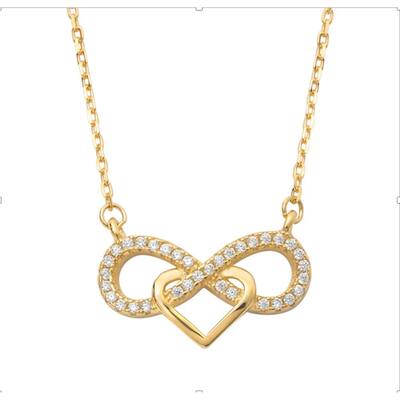 Gold Infinity Heart Necklace with Swarovski Crystals - Eternal Love Symbol on 18" Gold-Plated Chain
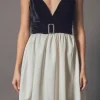 ENDLESS ROSE Tops*- Fancy Mixed Media Mini Dress BLACK/IVORY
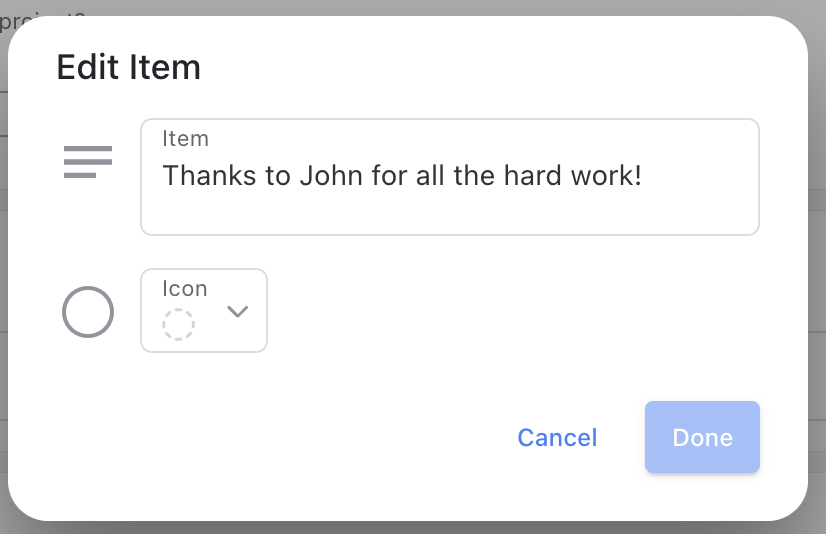 Icon Field - form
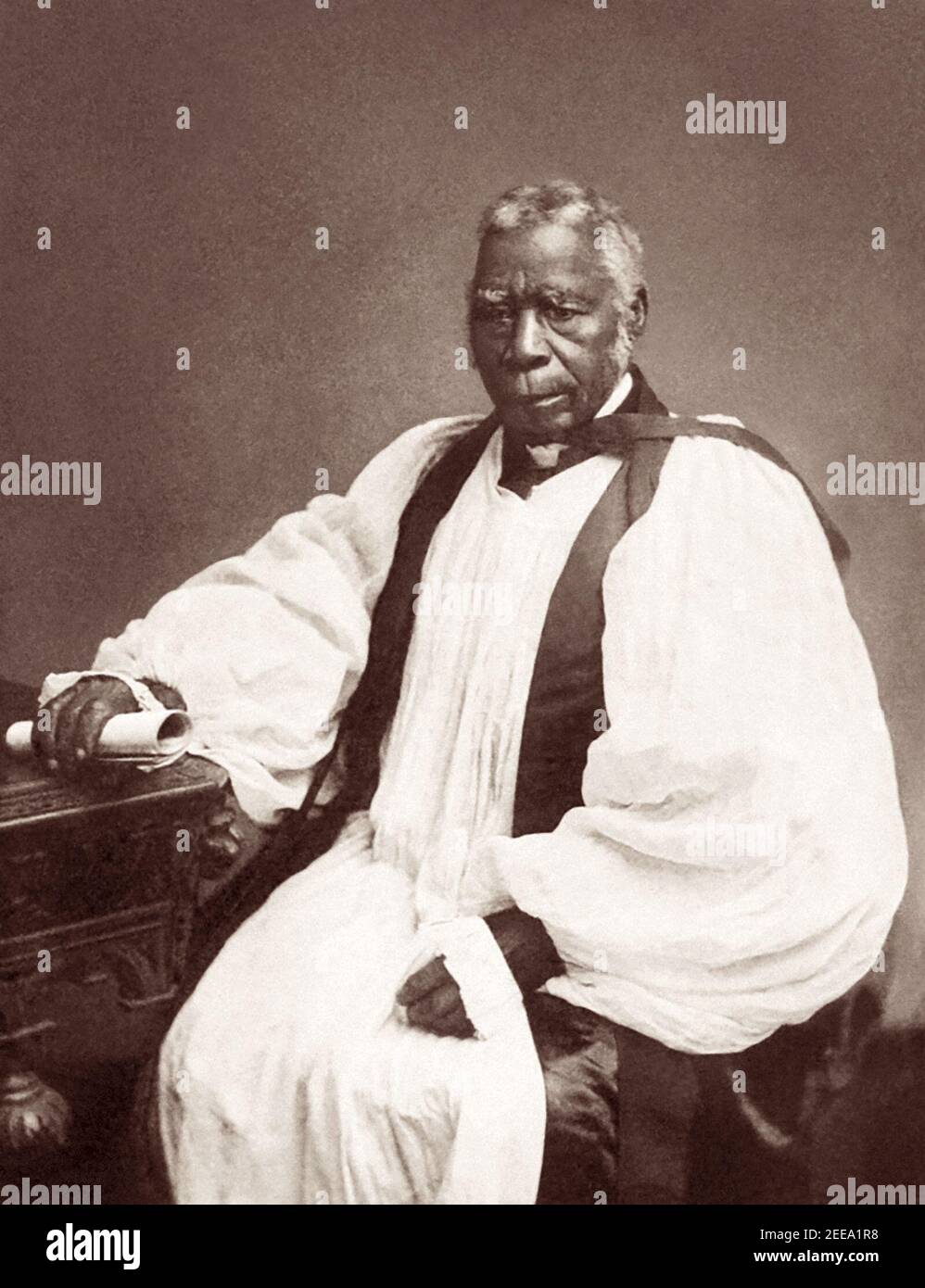 Samuel Ajayi Crowther (c1809–1891), ancien esclave devenu le premier évêque anglican noir. Crowther a été ordonné par la Société missionnaire de l'Église et, en 1864, a été consacré évêque du territoire du Niger en Afrique. Linguiste, titulaire d'un doctorat honorifique en divinité de l'Université d'Oxford, M. Crowther a travaillé à la traduction de la Bible dans plus d'une langue africaine. Banque D'Images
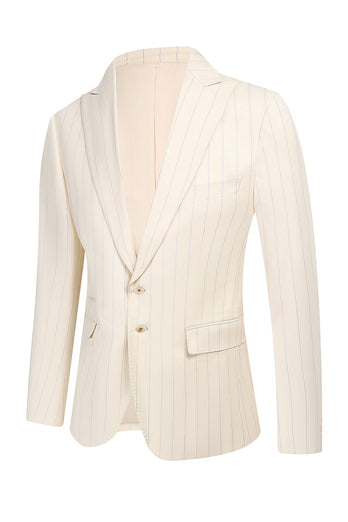 White 2 Piece Pinstriped Men Prom Suits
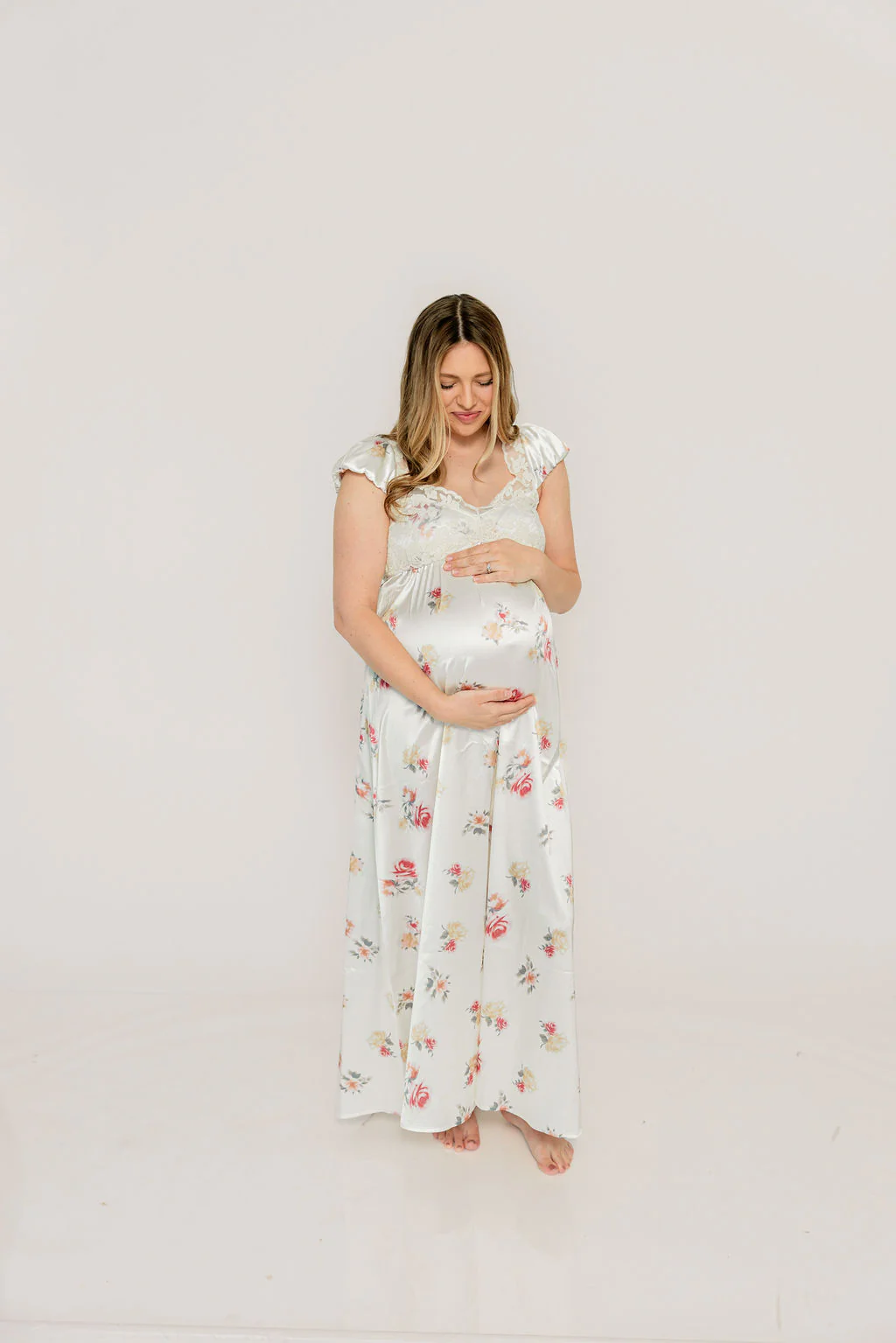 Ryan Lace Bodice Cutout Maxi Dress in Cream Floral - Bump Friendly - Image 11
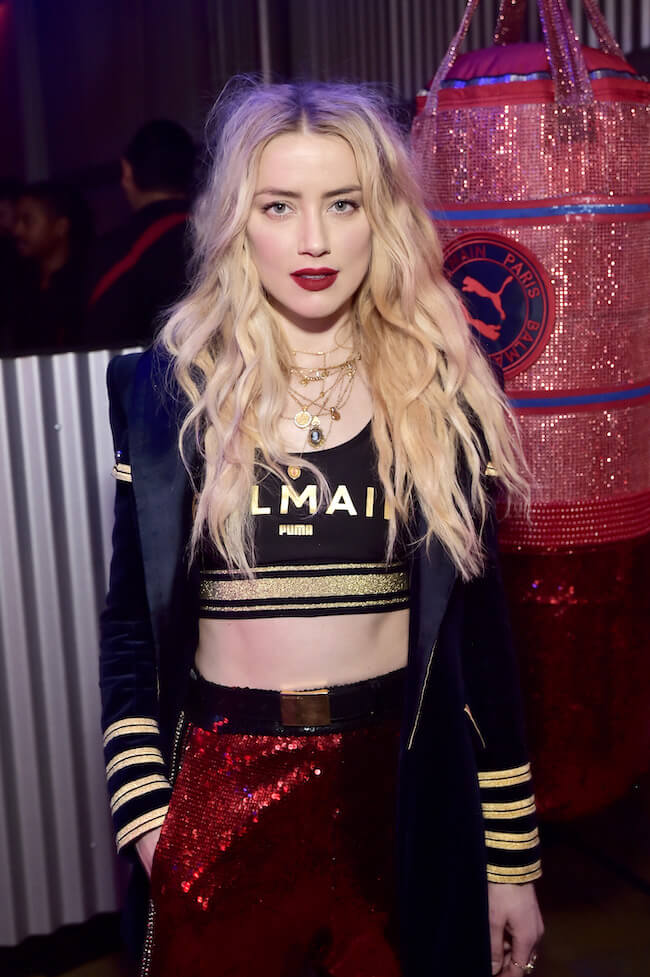 Amber Heard attends PUMA x Balmain created with Cara Delevingne LA Launch Event at Milk Studios on November 21, 2019 in Los Angeles, California
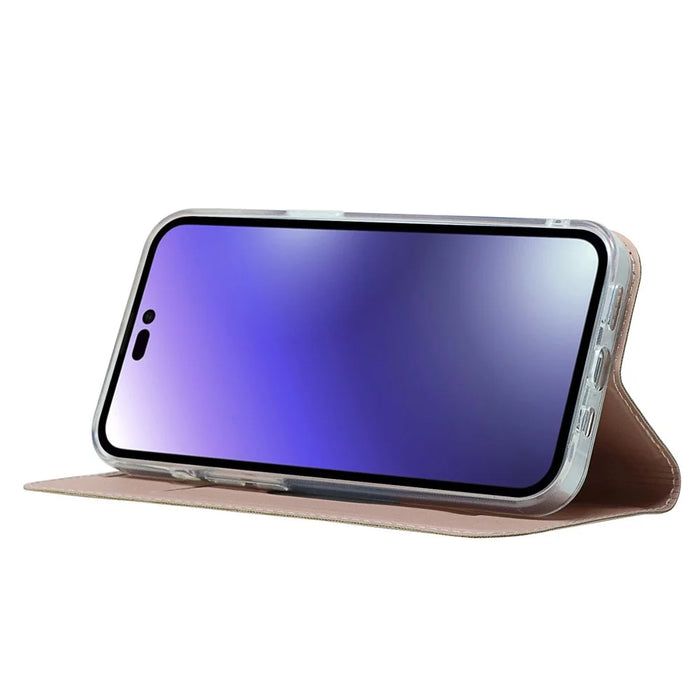 For iPhone 15 Pro Max PU Leather Stand Phone Cover Card Holder Magnetic Closing Case - Rose Gold - 4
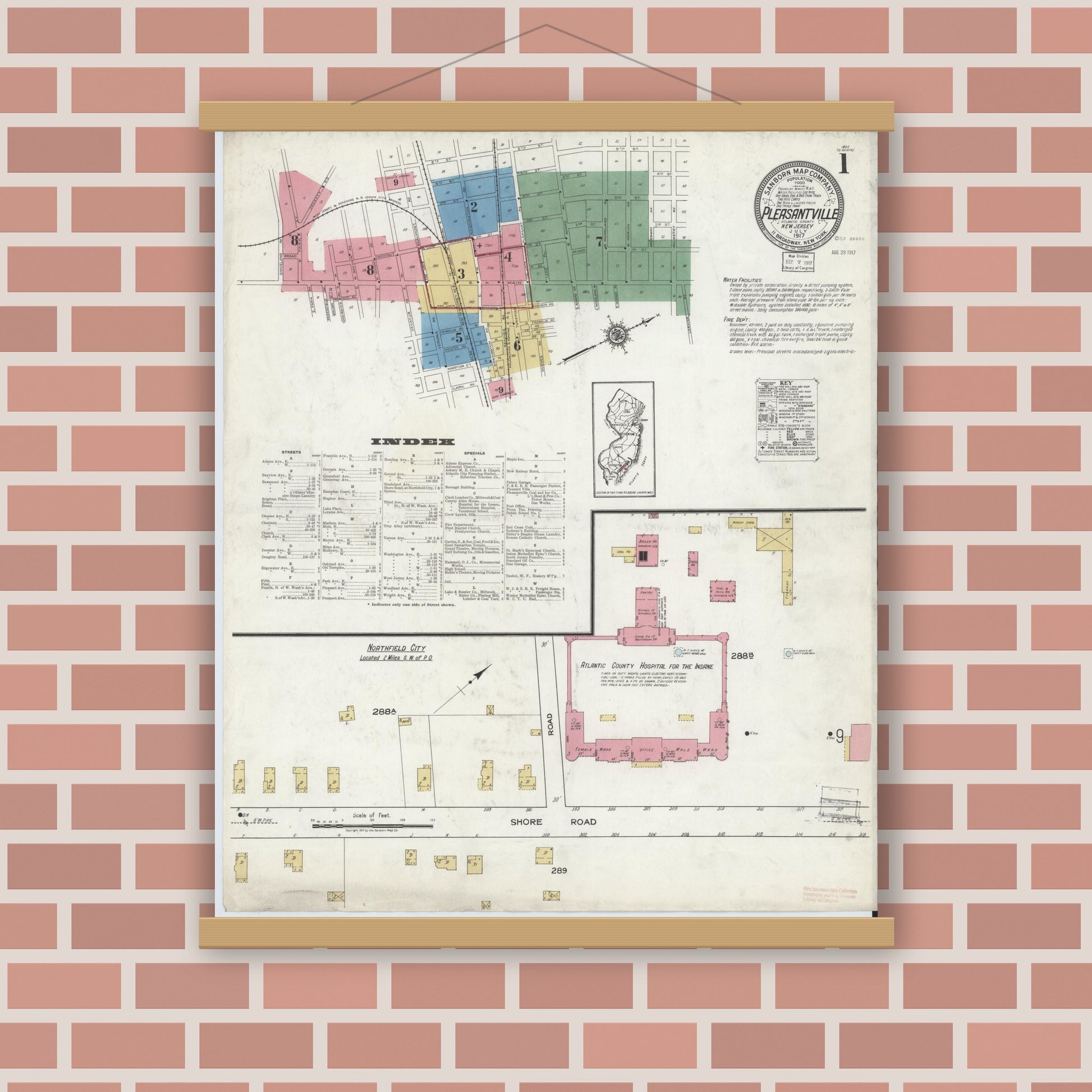 Old map wall art mockup — magnetic wood frame on brick wall — Sanborn Fire Insurance Map from Pleasantville, Atlantic County, New Jersey (1917), Sheet #0001
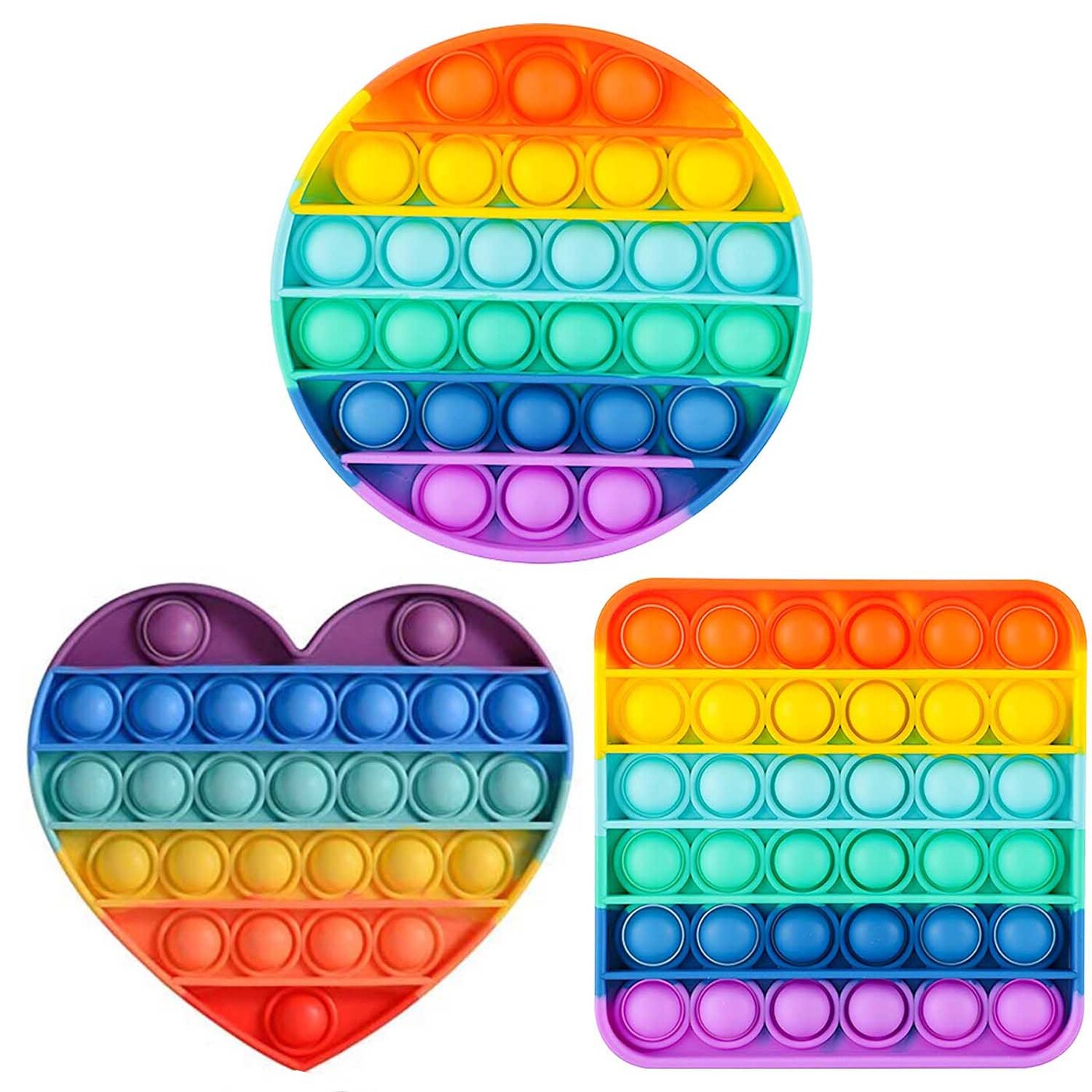 Набор: 3 pop it antistress квадрат/ круг/ сердце/ поп ит антистресс ...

WHAT YOU HAVE TO DO
Once the line containing "White 2 Piece Pinstriped Men Prom Suits" is found, write it out exactly along with every line after it through the end of the listing, excluding pictures.

WRITTEN REPLY
 White 2 Piece Pinstriped Men Prom Suits
 Ryan Lace Bodice Cutout Maxi Dress in Cream Floral - Bump Friendly - Image 11
 Amber Heard attends PUMA x Balmain created with Cara Delevingne LA Launch Event at Milk Studios on November 21, 2019 in Los Angeles, California
 For iPhone 15 Pro Max PU Leather Stand Phone Cover Card Holder Magnetic Closing Case - Rose Gold - 4
 Old map wall art mockup — magnetic wood frame on brick wall — Sanborn Fire Insurance Map from Pleasantville, Atlantic County, New Jersey (1917), Sheet #0001
 Набор: 3 pop it antistress квадрат/ круг/ сердце/ поп ит антистресс ...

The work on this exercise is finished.